Cependant : « ce qui me rend un peu optimiste est que nous avons un engagement ferme chez Yamaha. Notre direction générale croit en la devise : « les affaires continuent, la vie continue. » Et le MotoGP est une partie très importante de l’entreprise, pour la marque, pour la promotion de la marque et pour la relance du marché. »
« La course correspond très bien à notre philosophie d’entreprise. Je n’ai vu aucun signe d’indécision dans notre groupe dans cette crise qui remettrait en question notre engagement MotoGP. Avec Maverick et Fabio, nous avons deux pilotes MotoGP sous contrat pour 2021 et 2022. Et si je regarde en arrière brièvement, je vois que Honda a donné à Marc Márquez un nouveau contrat de quatre ans jusqu’à la fin de 2024. Il s’agit d’un engagement assez solide. Suzuki vient de prolonger le contrat avec Alex Rins de deux ans pour 2021 et 2022. Je vois donc des signes que pas seulement Yamaha va continuer à faire de la course » développe Lin Jarvis.

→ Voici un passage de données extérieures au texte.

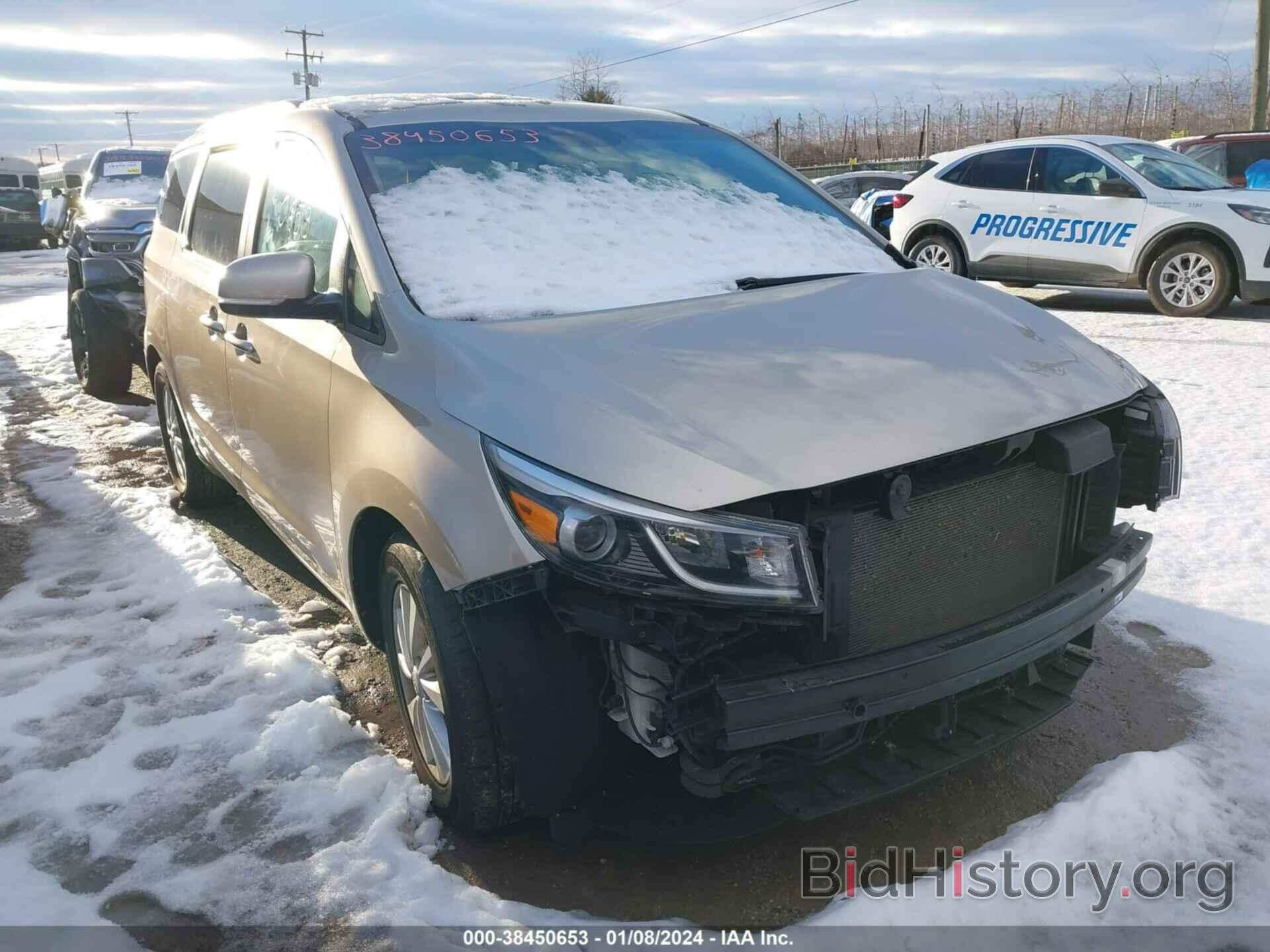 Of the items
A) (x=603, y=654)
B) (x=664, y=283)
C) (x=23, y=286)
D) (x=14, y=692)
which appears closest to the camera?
(x=603, y=654)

Les grandes équipes d’usine MotoGP dévorent 30, 40 ou 50 millions d’euros par saison. Les sponsors ne couvrent généralement qu’un tiers des coûts. Dans un contexte devenu morose, il faudra veiller à ses dépenses. Justement, le MotoGP a pris les devants en décidant très vite de geler toutes les évolutions moteur et dans le domaine aérodynamique jusqu’en 2022. Par ailleurs, la cohésion affichée par l’ensemble des acteurs rassure. Il faut dire que depuis la crise politique de 2019, cet esprit de corps n’était pas garanti… « J’espère que tous les autres fabricants continueront » insiste Jarvis sur Speedweek.com au micro de Günther Wiesinger. « Nous avons eu beaucoup de discussions au sein de l’association des constructeurs qu’est le MSMA au cours des deux dernières semaines. Ce fut très utile. Nous nous sommes donc retrouvés dans la crise après nous être temporairement déchirés au Grand Prix du Qatar 2019 en raison du différend sur le becquet arrière de Ducati, que j’appelle « Aero Gate ». »

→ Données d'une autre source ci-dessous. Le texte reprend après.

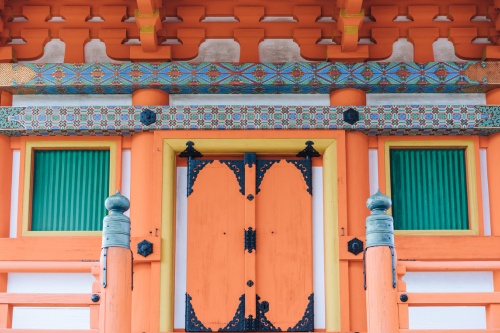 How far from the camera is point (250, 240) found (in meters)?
8.84

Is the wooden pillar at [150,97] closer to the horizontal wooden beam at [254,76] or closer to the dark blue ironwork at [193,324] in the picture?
the horizontal wooden beam at [254,76]

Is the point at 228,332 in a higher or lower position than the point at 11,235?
lower

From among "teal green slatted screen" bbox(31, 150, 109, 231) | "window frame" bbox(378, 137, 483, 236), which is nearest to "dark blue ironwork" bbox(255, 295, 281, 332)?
"window frame" bbox(378, 137, 483, 236)

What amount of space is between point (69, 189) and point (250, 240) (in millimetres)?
1736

« En 2019, peu de discussions ont eu lieu au sein de la MSMA. Maintenant, nous nous réunissons régulièrement lors de conférences téléphoniques et avons beaucoup de discussions, ce qui, à mon avis, est un signal positif. Tout le monde impliquait des plans pour l’avenir. La clé de l’avenir est la durabilité. Nous devons être raisonnables, nous devons être décents et garder un œil sur les coûts. Parce que nous comprenons que toutes nos entreprises doivent accepter les pertes de ventes. J’espère que si nous sommes raisonnables et réduisons les coûts, toutes les usines continueront » conclut Lin Jarvis.